He went on to tell me that it was important to get all the mud into the forms quickly, before the concrete started to set, but it was just as important to work the trowel without hurrying, so that the finished sidewalk would be smooth and level. Then he asked me if I knew what the most important part of the concrete was. I pointed to the empty sack next to the wheelbarrow. No, he said. The key ingredient in this whole process was the water. Water was the variable that determined the consistency of the concrete. As the concrete dried and the water evaporated, that consistency would dictate whether the sidewalk crumbled or stood firm.
John’s call to baptism was a call to come down into the water, to be immersed completely so that all those sins being confessed could be washed away in the forgiveness of the One who would be coming soon, the very Son of God. “I baptize you with water,” John said, “but one comes after me who will baptize you with the Holy Spirit.” It is this baptism that gives us peace in Christ Jesus.

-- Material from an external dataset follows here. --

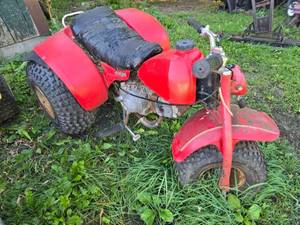 lot 34 image: Red 3 Wheeler ATV - For Parts or Repair Only - Item is Off Site in SVEA See Desc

Some of us have heard this story many times. It isn’t news to us any more. We forget just how amazing God’s grace really is. We think we know how the story ends, so we stop paying attention. But remember Mark’s title for this story? He didn’t call it “The Life Of The Son of God, From Start To Finish.” He didn’t call it “All You Need To Know About Jesus the Christ.” He called it, ‘The Beginning of the Good News.” He wasn’t just referring to the first few verses of his story. The whole book is called “The Beginning of the Good News of Jesus Christ, the Son of God.” It all starts here.
Through the voice of John the Baptizer, and all the prophets who went before him, Mark is calling us to turn away from whatever is keeping us out of the water. He’s calling us to dive into the river of God’s grace, to be forgiven of all our sins, and to be made whole. The beginning of the Good News of Jesus Christ, the Son of God, was written to be read aloud. This Good News was meant to be shared. And the story isn’t finished. As we share the Good News of Jesus Christ, the Son of God, we also continue that story, by participating in it.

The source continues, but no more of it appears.